In forecast verification, valid_time for the initialized data shall be matched with time for observations.

In [8]:

hindcast.get_initialized().coords

Out[8]:

Coordinates:
  * lead        (lead) int32 1 2 3 4 5 6 7 8 9 10
  * member      (member) int32 1 2 3 4 5 6 7 8 9 10
  * init        (init) object 1954-01-01 00:00:00 ... 2017-01-01 00:00:00
    valid_time  (lead, init) object 1955-01-01 00:00:00 ... 2027-01-01 00:00:00

In [9]:

hindcast.get_observations().coords

Out[9]:

Coordinates:
  * time     (time) object 1955-01-01 00:00:00 ... 2015-01-01 00:00:00

{py:meth}.PredictionEnsemble.plot shows all associated datasets (initialized, uninitialized if present, observations if present) if only climpred dimension (lead, init, member, time) are present, e.g. plot() does not work for lat, lon, model, ...

In [10]:

hindcast.plot()

Out[10]:

<AxesSubplot:xlabel='validity time', ylabel='SST'>

We'll also remove a quadratic trend so that it doesn't artificially boost our predictability. PredictionEnsemble.map(func) tries to apply/map a callable func to all associated datasets. Those calls do not raise errors such as ValueError, KeyError, DimensionError, but show respective warnings, which can be filtered away with warnings.filterwarnings("ignore").

In [11]:

from climpred.stats import rm_poly

hindcast.map(rm_poly, dim="init", deg=2).map(rm_poly, dim="time", deg=2)

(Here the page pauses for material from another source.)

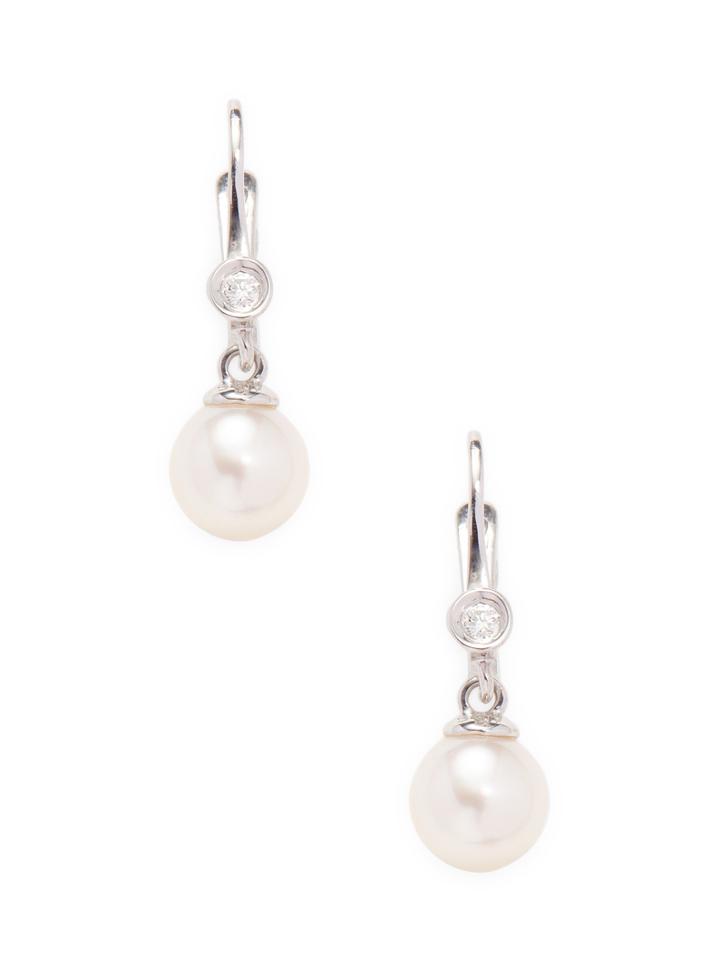 Tara Pearls 14k White Gold Diamond & Akoya Cultured Pearl Dangle Earrings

Alternatively, when supplying the kwargs dim="init_or_time", the matching dim is applied only and hence does not raise UserWarnings.

In [12]:

hindcast = hindcast.map(rm_poly, dim="init_or_time", deg=2)
hindcast.plot()

Out[12]:

<AxesSubplot:xlabel='validity time', ylabel='SST'>

Now we'll quickly calculate forecast with {py:meth}.HindcastEnsemble.verify. We require users to define metric, comparison, dim, and alignment. This ensures that climpred isn't treated like a black box -- there are no "defaults" to the prediction analysis framework. You can choose from a variety of possible metrics by entering their associated strings. comparisons strategies vary for hindcast and perfect model systems. Here we chose to compare the ensemble mean to observations ("e2o"). We reduce this operation over the initialization dimension. Lastly, we choose the "same_verif" alignment, which uses the same set of verification dates across all leads, see alignment strategies.

In [13]:

result = hindcast.verify(
    metric="rmse", comparison="e2o", dim="init", alignment="same_verif",
)
result

In [14]:

plt.rcParams["lines.linewidth"] = 3
plt.rcParams["lines.markersize"] = 10
plt.rcParams["lines.marker"] = "o"
plt.rcParams["figure.figsize"] = (8, 3)

In [15]:

result.SST.plot()
plt.title("Global Mean SST Predictability")
plt.ylabel("Anomaly \n Correlation Coefficient")
plt.xlabel("Lead Year")
plt.show()

We can also check the association of forecasts and observations with the anomaly correlation coefficient metric="acc" {py:func}.climpred.metrics._pearson_r against multiple reference forecasts. Choose reference from ["climatology","persistence","uninitialized"].

In [16]:

result = hindcast.verify(
    metric="acc",
    comparison="e2o",
    dim="init",
    alignment="same_verif",
    reference=["persistence", "climatology"],
)

In [17]:

result.SST.plot(hue="skill")
plt.title("Global Mean SST Forecast Error")
plt.ylabel("ACC")
plt.xlabel("Lead Year")
plt.show()